• _Activity_
From the line that contains "Handmade Sqare Shaped Paper Gift Box" to the end of the entries, copy each line exactly, though the pictures stay out.

• _Data provided_
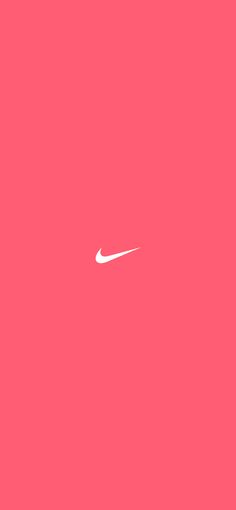 a pink wall with a white nike logo on the left side and a red background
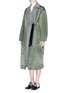 Front View - Click To Enlarge - TOGA ARCHIVES - Wool insert nylon trench coat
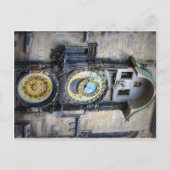 Briefkaart van de astronomische klok van Praag (Voorkant)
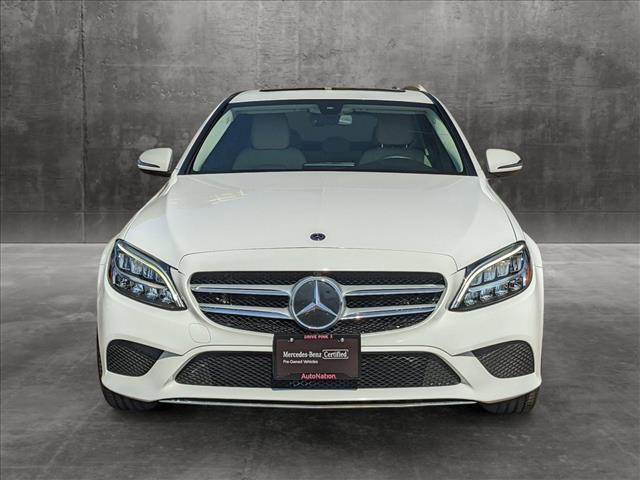 used 2021 Mercedes-Benz C-Class car, priced at $22,365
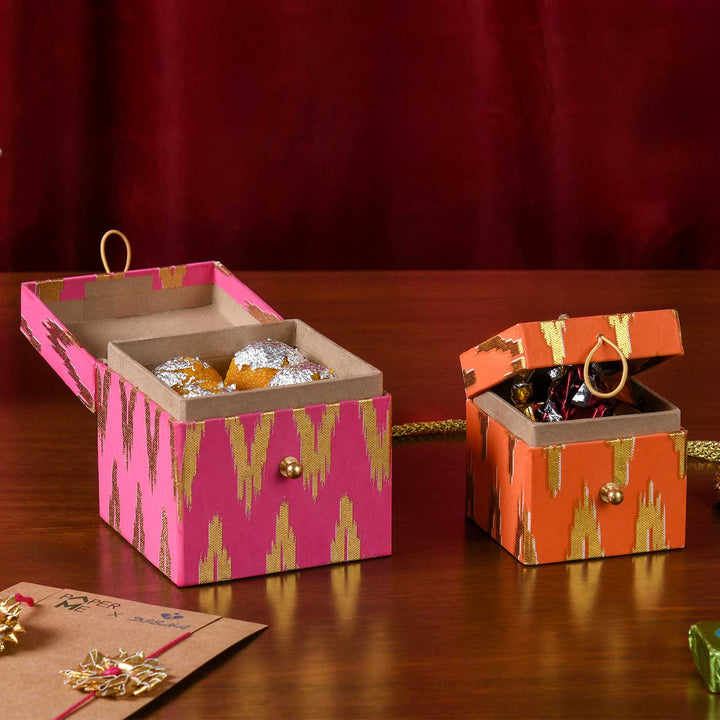 Handmade Sqare Shaped Paper Gift Box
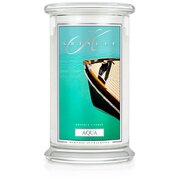 Kringle Candle Aqua liela 2-dakti aromātiskā svece (624 g)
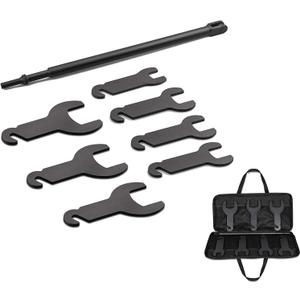 Mekar Pneumatic Fan Clutch Wrench Set Clutch Removal Tool Kit Compatible with Jeep, Ford, GM,Chrysler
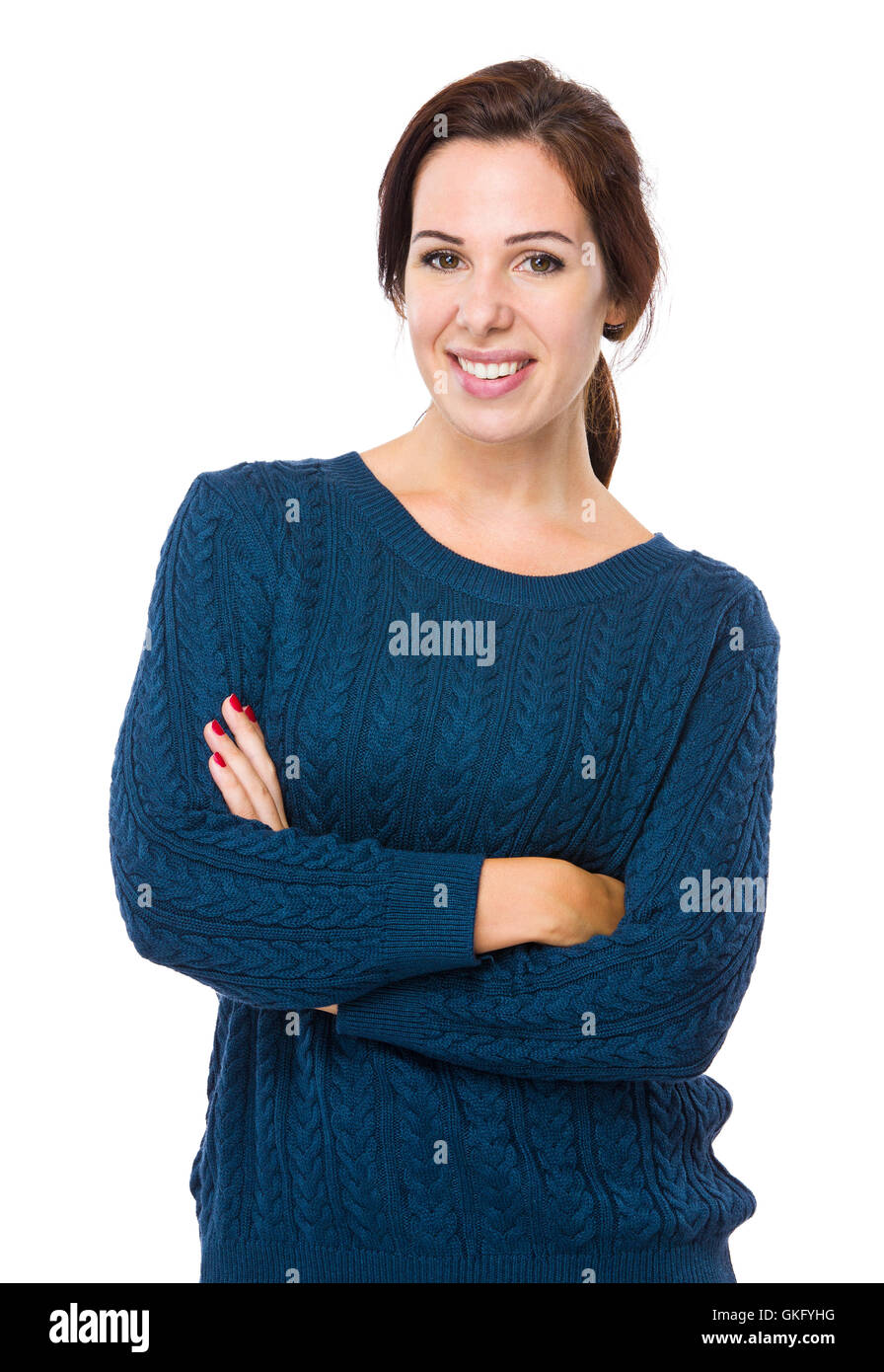 woman blue humans Stock Photo - Alamy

• _Answer for this exercise_
 Handmade Sqare Shaped Paper Gift Box
 Kringle Candle Aqua liela 2-dakti aromātiskā svece (624 g)
 Mekar Pneumatic Fan Clutch Wrench Set Clutch Removal Tool Kit Compatible with Jeep, Ford, GM,Chrysler
 woman blue humans Stock Photo - Alamy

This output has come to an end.